A small but extremely dangerous mantis shrimp has inspired scientists to create a new underwater weapon. The resistance of the environment there is very high, but evolution has endowed these crayfish with the ability to launch cavitation bubbles at the target. When they are destroyed, a shock wave, sound and plasma are generated, capable of killing living creatures and crushing stones. Now this mechanism has been recreated in the laboratory.

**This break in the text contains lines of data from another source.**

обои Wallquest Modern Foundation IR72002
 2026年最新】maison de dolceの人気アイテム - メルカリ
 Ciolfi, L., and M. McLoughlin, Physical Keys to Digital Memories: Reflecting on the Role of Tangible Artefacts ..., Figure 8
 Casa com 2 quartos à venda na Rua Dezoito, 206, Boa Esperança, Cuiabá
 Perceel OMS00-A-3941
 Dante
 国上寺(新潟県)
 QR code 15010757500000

Scientists copied the cancer claw device and adapted it for printing on a 3D printer. The principle of shooting is based on the fact that the upper part of the claw is very quickly pressed against the lower one, while a special protrusion enters the groove, squeezing water out of it with tremendous force. It remains only to modify the relief of the groove and protrusion so that a thin stream of water flies out in the desired direction, like from the barrel of a cannon.
The pressure of the water jet in such a shot is so great that it forms cavitation bubbles. They fly only 4 cm, but manage to accelerate to almost 70 km / h and create a noise of 218 dB while driving. After hitting a target, the bubbles collapse, generating a pressure of up to 80 kPa, while a plasma with a temperature of 4700 ° C is created at the epicenter. For comparison, it is only slightly hotter on the surface of the Sun.
And scientists hope to turn this destructive force into a weapon, or even better, into an instrument. With a relatively low energy consumption for the operation of the claw, an effect can be achieved that is greater than when firing with a laser or using explosives. And most interesting of all, the technology is almost perfect for destroying objects under water - for construction purposes or to remove some kind of obstacle.